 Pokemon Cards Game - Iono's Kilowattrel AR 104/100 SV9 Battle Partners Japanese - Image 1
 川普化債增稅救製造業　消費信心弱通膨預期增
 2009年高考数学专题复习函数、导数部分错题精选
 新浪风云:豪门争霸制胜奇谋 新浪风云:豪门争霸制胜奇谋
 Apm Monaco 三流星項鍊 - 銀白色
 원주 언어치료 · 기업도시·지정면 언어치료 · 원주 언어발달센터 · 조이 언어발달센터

########################################

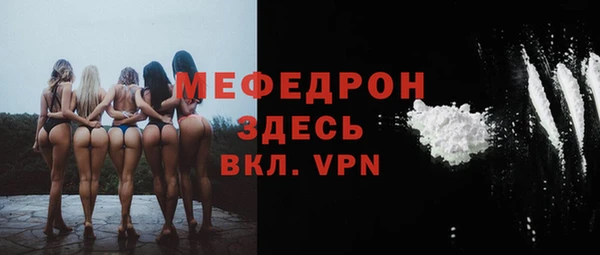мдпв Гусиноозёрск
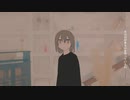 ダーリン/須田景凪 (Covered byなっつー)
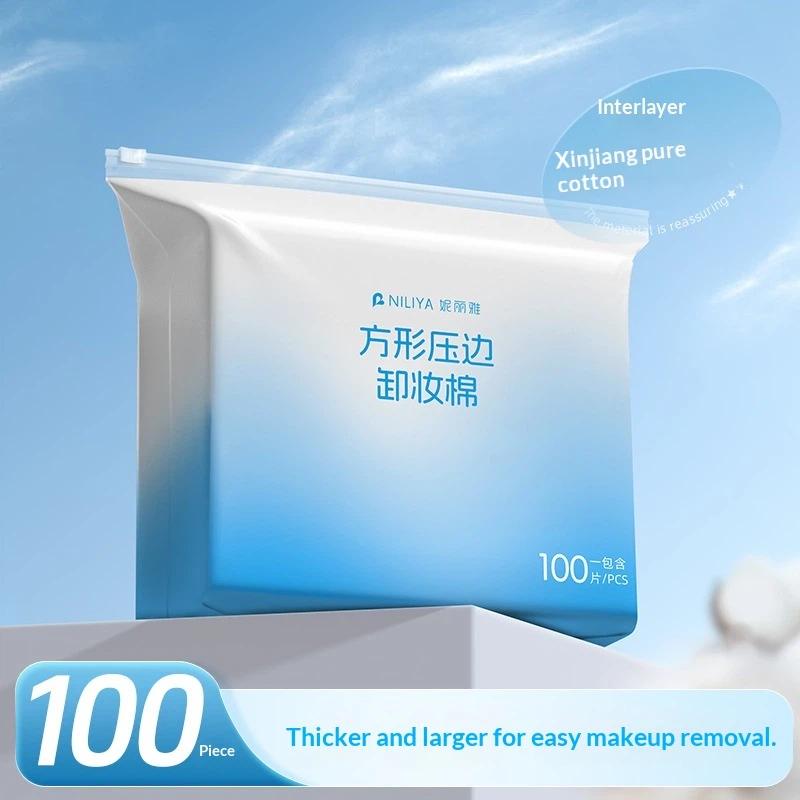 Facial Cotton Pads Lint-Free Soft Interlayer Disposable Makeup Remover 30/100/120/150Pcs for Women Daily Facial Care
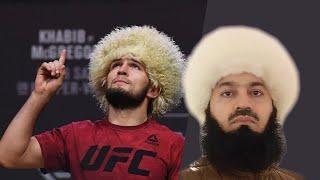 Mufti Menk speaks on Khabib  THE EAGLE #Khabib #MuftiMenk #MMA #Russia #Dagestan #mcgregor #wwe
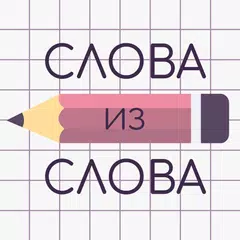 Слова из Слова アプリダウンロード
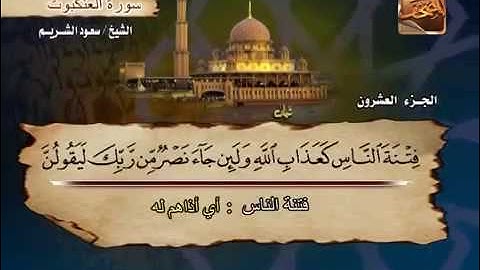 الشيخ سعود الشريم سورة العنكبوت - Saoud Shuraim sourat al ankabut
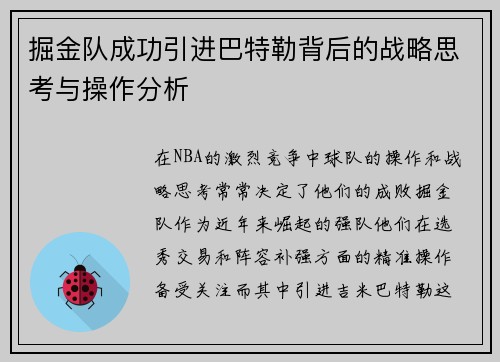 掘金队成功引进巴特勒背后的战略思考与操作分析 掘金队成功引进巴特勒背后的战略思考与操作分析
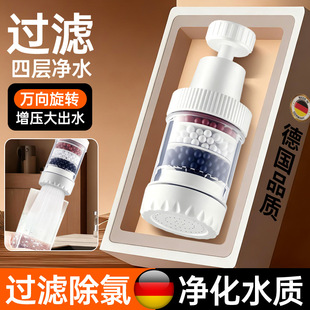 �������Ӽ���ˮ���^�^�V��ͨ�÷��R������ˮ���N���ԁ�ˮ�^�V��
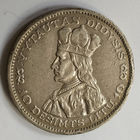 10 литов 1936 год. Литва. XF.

########################################

▶ [Work request] All that belongs in your answer is the stretch of entries above from the line with "Pokemon Cards Game" through the line with "원주 언어치료 · 기업도시·지정면", printed exactly.

▶ [Solution to the problem]
 Pokemon Cards Game - Iono's Kilowattrel AR 104/100 SV9 Battle Partners Japanese - Image 1
 川普化債增稅救製造業　消費信心弱通膨預期增
 2009年高考数学专题复习函数、导数部分错题精选
 新浪风云:豪门争霸制胜奇谋 新浪风云:豪门争霸制胜奇谋
 Apm Monaco 三流星項鍊 - 銀白色
 원주 언어치료 · 기업도시·지정면 언어치료 · 원주 언어발달센터 · 조이 언어발달센터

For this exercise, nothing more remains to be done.